I’ve had a rough go of it lately.
It’s one of those parts in the journey when just as I’m approaching light at the end of the tunnel, the tunnel caves in and the train blows up, and I’m left knocked on my ass for a few days until I decide I’d better start moving rocks and catching another train.
I’ve been lather, rinse, repeating that scenario for a few months. You’ve been there, right?
One thing this ordeal has taught me is who I can count on. As in, who will show up for no other purpose than to witness me in pain and offer comfort, and who will drop me off on the sidewalk across from my apartment after I’ve undergone hours of surgery, leaving me woozy and navigating the stairs on my own.
I had a good idea of how I expected those closest to me to behave. I was then faced with the stark contrast between what I wanted and what was – which is pretty much the cause of all suffering when you get down to it.
I want A, I get B, I become a real C.
Before I go any further, let me just say that I find the philosophy of “having no expectations” to be both unhelpful and unrealistic. In some contexts I see the wisdom, but in close friendships don’t expect me to not have expectations. Healthy relationships are reciprocal, and if I do what I say I’m going to, I expect my close friends to do the same. Which is why these past few months have been eye-opening friendship wise, and I’ve definitely made some changes in my inner circle.

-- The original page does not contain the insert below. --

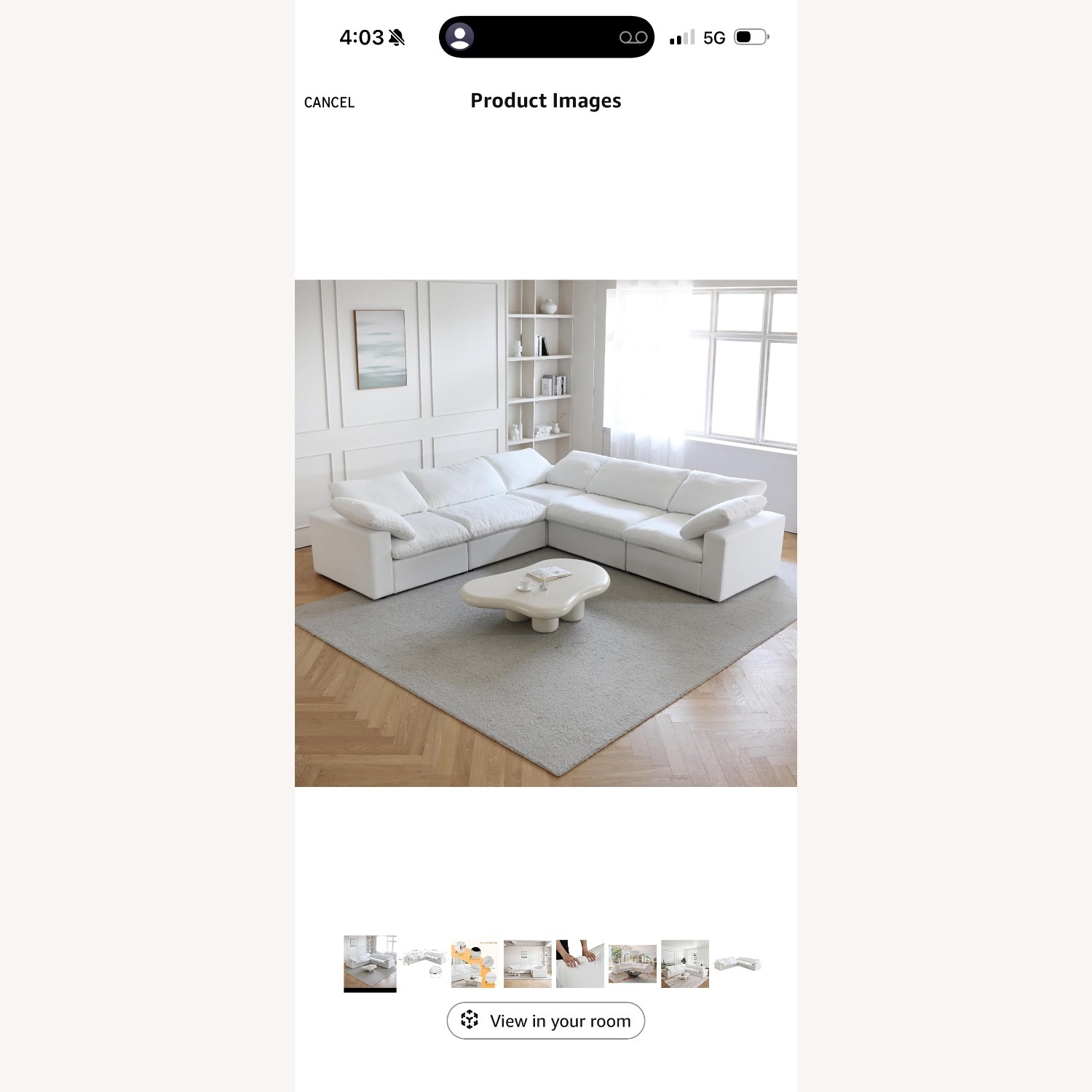 JACH V-Shaped Couch Sectional - image-1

What does any of this have to do with a bouquet of flowers and feeling worthy?
This past week, as I was breathing a sigh of “things are beginning to suck less,” I got screwed. Literally. As my oral surgeon was removing one of my temporary crowns, he accidentally unscrewed the whole dental implant which was painful, terrifying, and means that I have to start over with two more surgeries.
I texted a friend in San Francisco – let’s call her Lindsey because that’s her name – and she had the very appropriate reaction of “Oh no!!!” and preceded to let me vent my pain, fear, and frustration for a bit.
She then took her support a step farther, and a few hours later I was surprised by the delivery of a beautiful bouquet of flowers. I was so touched and grateful.
For about two hours.
And then I felt…shame. And complete unworthiness of such beautiful flowers and the money they must have cost.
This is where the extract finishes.